Zatem dziś w Kielcach było 0:0 i Pogoń nie oddała nawet jednego, celnego strzału na bramkę rywala przez 90 minut meczu. Na palcach jednej ręki można policzyć 3 sytuacje, w których Pogoń mogła zaskoczyć rywala, jednak raczej swoją niedokładnością i brakiem precyzji niż czymś, za co kochamy naszą drużynę.

Niecelnie dwa razy uderzał Koulouris i raz Przyborek i to byłoby na tyle, co można powiedzieć o grze ofensywnej Pogoni. Trzymała piłkę przy nodze częściej niż gospodarze, 65 do 35 procent, jednak niewiele z tego wynikało. W drugiej połowie na boisku zameldowali się jeszcze Gamboa, Gorgon i Paryzek, ale bez większego wpływu na zmianę stylu gry zespołu.

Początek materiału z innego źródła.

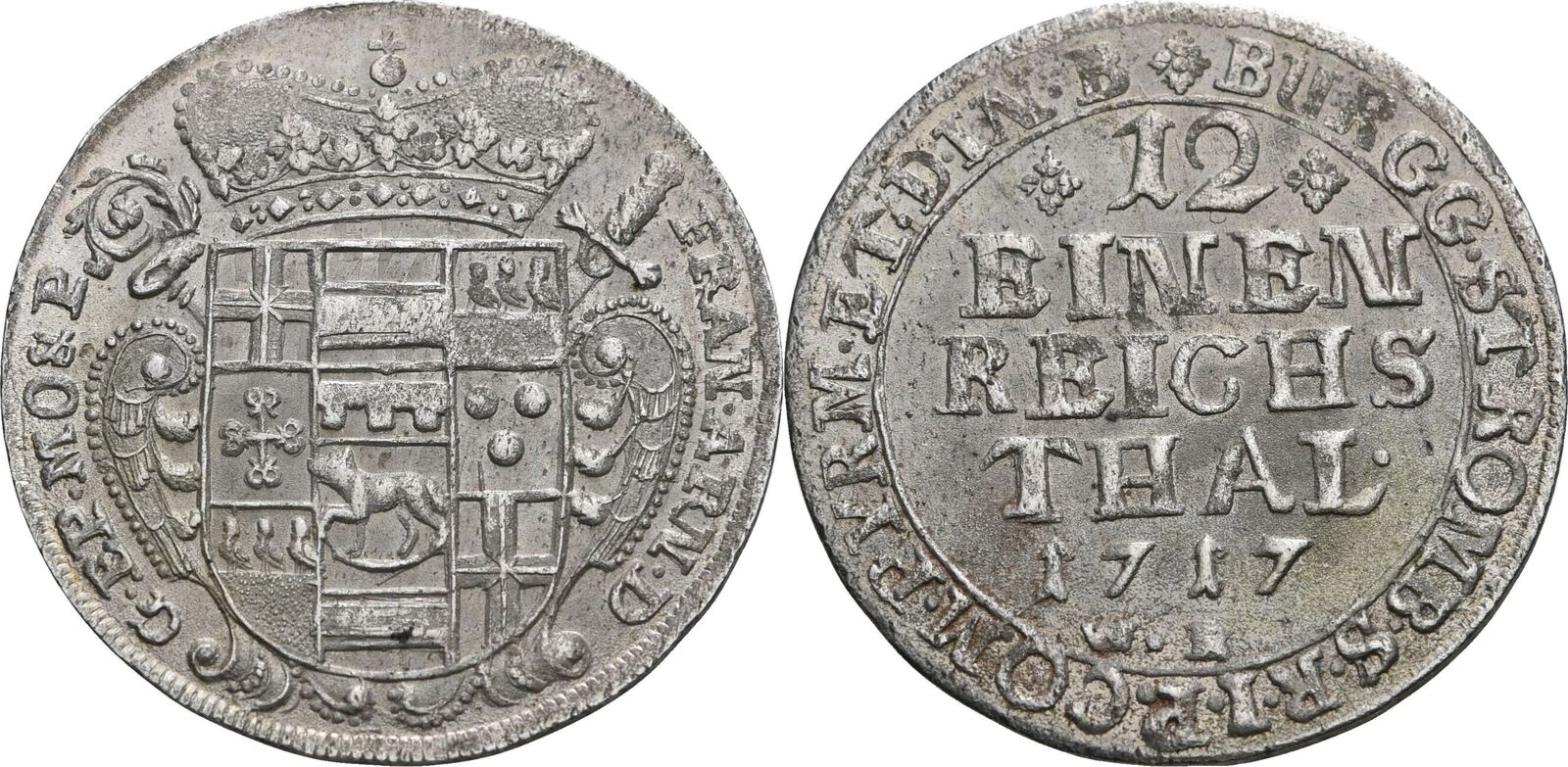 Münster, Hochstift 1/12 Reichstaler WR 1717 Franz Arnold von Wolff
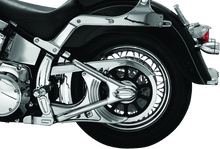 Load image into Gallery viewer, Kuryakyn Boomerang Frame Covers 08-17 Softails Chrome - Powersports Haven
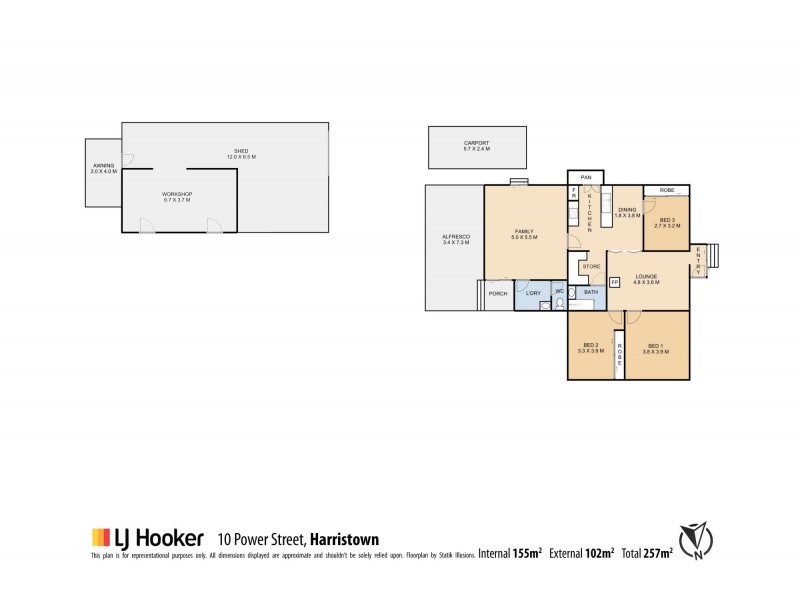 10 Power Street, Harristown QLD 4350 Floorplan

Być może podróż ze Szczecina im się dłużyła, może zaczytali się w polskiej poezji. Czemu nie, można i tak, tylko szkoda, że wybrali Redutę Ordona Adama Mickiewicza, a i zapamiętali chyba tylko sam początek – Nam strzelać nie kazano! I przez to Korony Kieleckiej obrony rozkruszyć nie potrafili.
A trener Robert Kolendowicz obiecywał na konferencji przedmeczowej „all in”. Toż to myślałem, że tu będzie przynajmniej Bagnet na broń Władysława Broniewskiego, a tu nici z tego…
Jeśli tak ma wyglądać szczyt możliwości – “all in” to strach się bać, bo mogą być problemy z utrzymaniem się w PKO BP Ekstraklasie przy takiej grze, a co dopiero gra o wyższe cele i obecność w rozgrywkach europejskich w przyszłym sezonie. Taka gra nie napawa optymizmem i pokazuje słabości fizyczne zespołu oraz to, jak dużo do poprawy i do zrobienia jest w aspekcie mentalnym.

No trudno. Kibice, zamiast śpiewać paprykarze, pewnie teraz pomyślą nad zmianą na aptekarze.
Piłkarze aptekarze mają teraz czas na odpoczynek. Na dojście do siebie. Na wyleczenie kontuzji, na urlop i święta. Niech się zregenerują, nabiorą dystansu i ze świeżymi głowami ruszą w styczniu na przygotowania do rundy wiosennej.
Jesień kończą raczej w słabym stylu. Pierwsza runda została zagrana zdecydowanie poniżej oczekiwań kibiców. Stosując oceny szkolne, zasłużyli co najwyżej na tróje z plusem i to głównie dlatego ten plus, że wciąż są w grze o Puchar Polski. Ósme miejsce w tabeli, 27 punktów zdobytych, osiem punktów straty do podium – to efekt co najwyżej na środek tabeli.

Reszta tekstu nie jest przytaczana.